[Web page caption snippets]
——————————

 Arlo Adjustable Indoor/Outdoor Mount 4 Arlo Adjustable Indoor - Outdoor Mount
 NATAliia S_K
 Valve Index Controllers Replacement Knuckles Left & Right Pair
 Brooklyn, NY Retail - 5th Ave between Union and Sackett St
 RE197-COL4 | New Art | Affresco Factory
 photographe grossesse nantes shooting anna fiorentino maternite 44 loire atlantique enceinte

——————————

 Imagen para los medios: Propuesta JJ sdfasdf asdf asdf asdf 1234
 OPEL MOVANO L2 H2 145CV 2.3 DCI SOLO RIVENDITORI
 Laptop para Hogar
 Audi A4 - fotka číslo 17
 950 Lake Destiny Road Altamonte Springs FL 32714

——————————

Among the records above, a stretch begins at the line containing "Arlo Adjustable Indoor/Outdoor" and ends at the line containing "photographe grossesse nantes". Restate that stretch word for word, and nothing else.

 Arlo Adjustable Indoor/Outdoor Mount 4 Arlo Adjustable Indoor - Outdoor Mount
 NATAliia S_K
 Valve Index Controllers Replacement Knuckles Left & Right Pair
 Brooklyn, NY Retail - 5th Ave between Union and Sackett St
 RE197-COL4 | New Art | Affresco Factory
 photographe grossesse nantes shooting anna fiorentino maternite 44 loire atlantique enceinte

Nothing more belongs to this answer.